Los relojes desaparecen parcialmente en verano. Suponen un exceso de calor en la muñeca y han sido sustituidos por dispositivos móviles que nos sitúan temporalmente. También en algunos casos recobran vida y ciertamente lucen y se ven más. Menos ropa, más piel, más espacio para exhibir los relojes joya en los brazos de la gente.

Es el verano momento de relecturas y es en los libros donde los relojes persisten como herramientas de control y también de disfrute. El estricto y convencional (y no por eso menos arbitrario) inexorable paso del tiempo queda encapsulado en el objeto reloj. Un reloj, sin embargo, es una bendición cuando lo miras y te devuelve horas y minutos con los cuales no contabas. Es un aliado cuando juega a nuestro favor. Y es una catastrófica persecución para un estudiante en la selectividad que no ha acabado el ejercicio y lo tiene que entregar a medias. Un reloj nos hace pasar de la vida a la muerte en nanosegundos. Un reloj es el primer determinante de la vida (usted nació en las 19:24 pm de un viernes, por ejemplo). Y marcará nuestro último momento por este maravilloso jardín (cada vez más deforestado) que es la Tierra.

Los autores viven condicionados por el mecanismo de las horas: en Dostoyevski los personajes a menudo hacen referencia a relojes, de oro, de plata, que suenan antes de tiempo; McCullers recoge el tiempo como aliado de la soledad, que parece infinita, atemporal, pero que también se acaba

Carson McCullers (1917-1967) es una de las escritoras que pasó la vida entre amor, literatura y dolor, como tantos literatos. Y su literatura está llena de relojes. Había abierto los ojos por primera vez en Georgia, en el sur de los Estados Unidos, y tiene una manera de escribir que va directa a la intimidad del aislamiento espiritual y la dificultad en encontrar el amor de verdad que la conectan con Dostoyevski, el maestro de las miserias humanas y las desigualdades. Los dos escritores ven el amor como algo de difícil correspondencia, asimétrico, parcial, desequilibrado y herido.

Dostoyevski era, según sus traductores García Gabaldán y Otero Macías, "compulsivamente optimista". Parece irónico, cuando se evoca en el autor ruso un jugador desesperado o un joven con un hacha que mata a una mujer mayor. El optimismo está y hay que saber encontrarlo. En el sur de los Estados Unidos, recordaba McCullers, igualmente como en la antigua Rusia, la vida humana tiene un valor escaso, mientras que un simple detalle material (un reloj, un alfil, un hacha) adquieren un valor considerable. Una mula o una bala de algodón pueden suponer toda la existencia y todo el sufrimiento del ser humano. Estos autores, uno proveniente de la gélida Rusia y McCullers de la tórrida Georgia, están unidos en esta constatación del dolor que cubre la tierra, sin saber de dónde viene y por qué se ha instalado aquí.

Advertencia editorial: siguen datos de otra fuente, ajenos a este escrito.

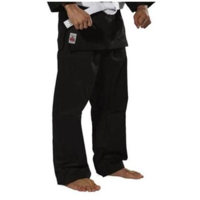 RISING SUN - 14oz Shoto Canvas Karate Pants - Black/Size 2 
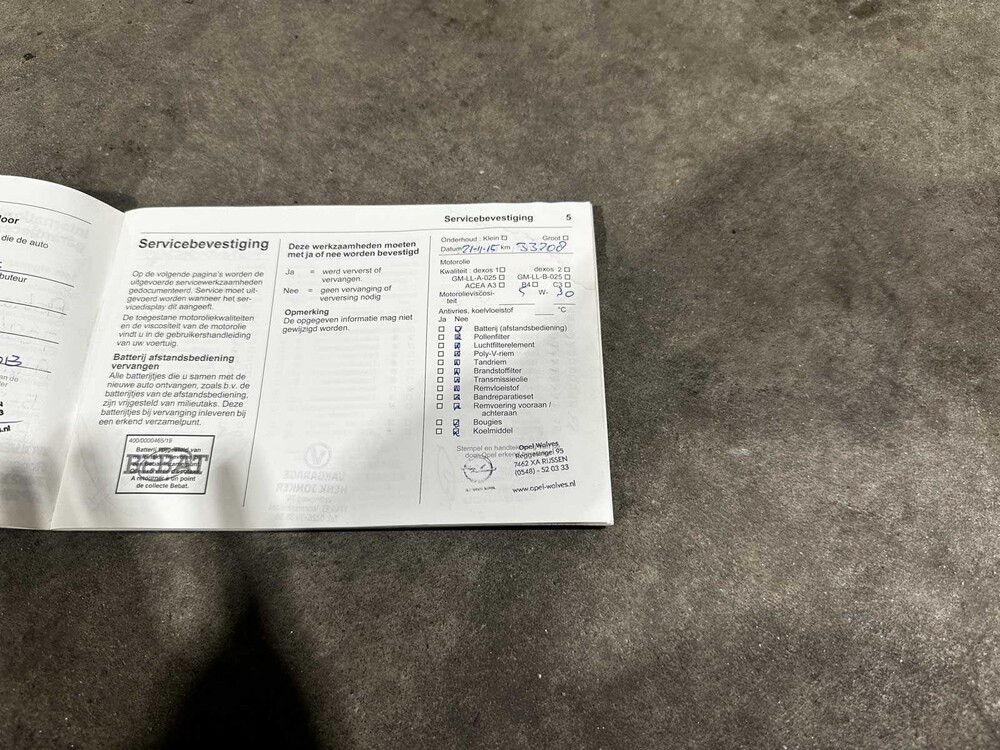 Opel Astra Sports Tourer 1.4 Design Edition 101 PS 2013 (Original-NL), 5-SJJ-38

Los autores viven condicionados por el mecanismo de las horas. En Dostoyevski los personajes a menudo hacen referencia a relojes, de oro, de plata, que suenan antes de tiempo. McCullers recoge el tiempo como aliado de la soledad, que es su tema, y que parece infinita, atemporal, pero que también se acaba. Su literatura nos viene a decir que también el dolor tiene un punto final. Quizás por eso los críticos ven un optimismo latente que supera a tantos profetas de malos augurios. Leerlos nos reclama olvidarnos del reloj, descansar mentalmente de la campaña electoral y situar la vida a otro nivel. Por eso son grandes y por eso son inmortales.